Si chiamavano celle, non per nulla: la Via Lancimano e l’edificio dell’Asl

Il titolo si riferisce alle stanze dove le monache di clausura si ritiravano per riposare e per pregare in solitudine: lo stesso nome definisce quelle nelle carceri, e talvolta in epoche passate il destino accomunava le recluse con i prigionieri:

«quelle sante case fabricate per libera dedicatione d’animi casti sono usate come per sentine di cose rifiutate dal mondo et spurgatoi et scaricamenti delle famiglie»,

stando alle considerazioni dell’età controriformista.

A Fossano il monastero più consistente fu voluto dal canonico Giovanni Negro, vicario generale della diocesi, che a metà Seicento si mosse per far arrivare in città le clarisse. Come per tutte le imprese impegnative fu necessario procedere a piccoli passi, e trovare i fondi per la costruzione. Prese accordi con il Comune, che s’impegnò a versare tremila lire per il fabbricato. Le motivazioni, registrate l’8 marzo del 1654, non nascondono nemmeno un poco la cruda realtà:

«che s’errigisca tal monastero per maggior decoro della città e per ricetto delle figlie, delle quali abbondono le famiglie et alle quali non resta luogo nel monastero di S. Catarina, unico di questa diocesi».

Insomma, a Fossano le case son piene di ragazze delle quali non si saprebbe che farne altrimenti: costituire doti consistenti per matrimoni di un certo livello manderebbe in bancarotta anche i nobili più agiati, e per giunta esiste un solo ricovero alternativo. Ben venga dunque un monastero concorrente: via libera alle clarisse!

Papa Alessandro VII con un breve apostolico concede l’imprimatur nel 1561, e iniziano così i lavori per ricoverare le figliole, manco a dirlo in gran parte provenienti dalla nobiltà locale.

Le monache osservano norme adattate dal canonico sul modello della Regola di Santa Chiara ratificata da papa Urbano VI.

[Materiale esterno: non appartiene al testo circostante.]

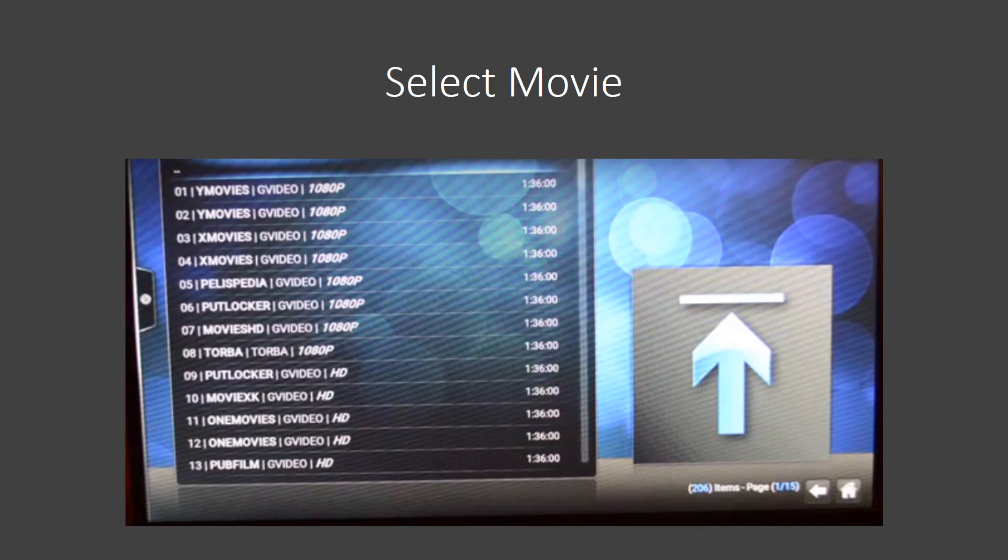Then you'll see HD after that, SD after that, and then finally, you're going to see some that say CAM. The CAM version is probably what you'd expect. It's somebody that's taking a video camera into a theater and recording it. Usually, the quality is really, really poor, so I wouldn't even recommend watching one that's CAM.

Alle monache è concesso l’uso – moderato – delle visite parentali:

«la frequenza del Parlatorio diminuisce la stima, e buon concetto delle Religiose, e cagiona rilassamento, perciò nessuna Sorella potrà andarvi, salvo che sij chiamata, e con special licenza della Superiora. Né fermarsi ivi più d’un hora con i parenti, e circa mezz’hora con l’altre persone».

Comunque è vietato aprire la porta anteriore di accesso, salvo si debba introdurre materiale ingombrante che non possa passare attraverso “la ruota”, ossia una bussola in legno scorrevole, con un’apertura che gira verso l’esterno per metterci piccoli pacchi, e che gira a sua volta negli spazi protetti dalla clausura con la semplice spinta delle mani.

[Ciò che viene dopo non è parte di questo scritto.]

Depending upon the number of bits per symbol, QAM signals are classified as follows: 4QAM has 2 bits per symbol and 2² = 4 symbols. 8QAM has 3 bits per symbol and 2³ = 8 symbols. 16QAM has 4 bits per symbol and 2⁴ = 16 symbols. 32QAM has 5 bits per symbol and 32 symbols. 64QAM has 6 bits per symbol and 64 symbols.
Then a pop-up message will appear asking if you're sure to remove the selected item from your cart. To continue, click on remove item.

Una monaca portinaia, scelta in modo oculato per la sua discrezione, «di maturi costumi e zelante», si occupa delle consegne. Bada pure che la porta dell’uscio del parlatorio dalla parte della clausura resti sempre aperta, affinché le monache di passaggio possano buttare un occhio e sincerarsi che lì dentro si stia soltanto conversando. Sia mai, insomma… Manzoni docet.

La monaca portinaia, in maniera tassativa, non può lasciare le chiavi alle consorelle: ogni volta le deve riconsegnare alla madre superiora.

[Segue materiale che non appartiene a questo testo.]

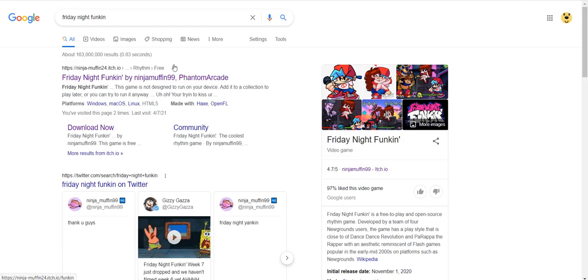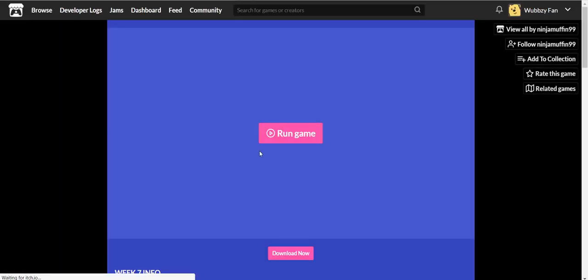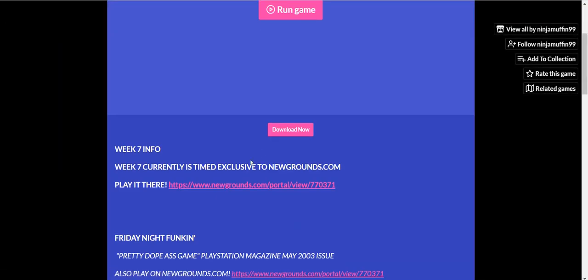I heard that week 7 is out, so let's go see it. Okay, it's time to close it, come on.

Quest’ultima sovrintende a tutto:

«non scriveranno le Sorelle lettera alcuna, ò biglietto, che non sia di cosa necessaria, e ragionevole, modesta e pia, e che si consegni alla Superiora per vederla e recapitarla».

È scontato che pure la posta in arrivo debba prima passare all’esame della Madre.

Il monastero ha così successo che nel secolo successivo, raggiunta altresì una notevole ricchezza, sopratutto fondiaria, potrà permettersi un consistente ampliamento e la progettazione di una chiesa su disegno dell’architetto Bernardo Vittone.

In pratica un intero quartiere viene riplasmato per allargare la struttura, facendo demolire le basse e modeste abitazioni attigue, nonché la chiesa di Sant’Antonio, la cui precettoria verrà spostata fuori le mura.

Due mappe settecentesche danno chiaramente l’idea di quanto fosse grande, e degli ingenti lavori di abbattimento delle case: in pratica dalla piazza del castello fino all’ospedale del Gallo tutto l’abitato si trasforma in un unico, poderoso complesso monastico, dotato di chiostro e di giardini con siepi e alberi.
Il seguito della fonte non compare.